**Your instructions**
Set down the listing exactly as given, minus images.

**Data shown**
#####

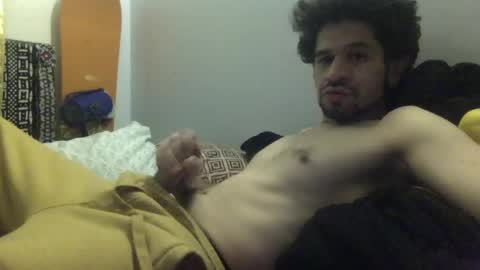luis603ito online show from May 4, 6:04 am
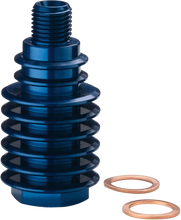 Load image into Gallery viewer, Rear Brake Caliper Cooler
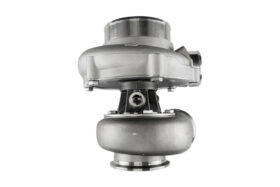 Turbosmart TS-1 Performance Turbocharger 5862 V-Band 0.82AR Externally Wastegated - Image 5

#####

**Answer for this exercise**
luis603ito online show from May 4, 6:04 am
 Load image into Gallery viewer, Rear Brake Caliper Cooler
 Turbosmart TS-1 Performance Turbocharger 5862 V-Band 0.82AR Externally Wastegated - Image 5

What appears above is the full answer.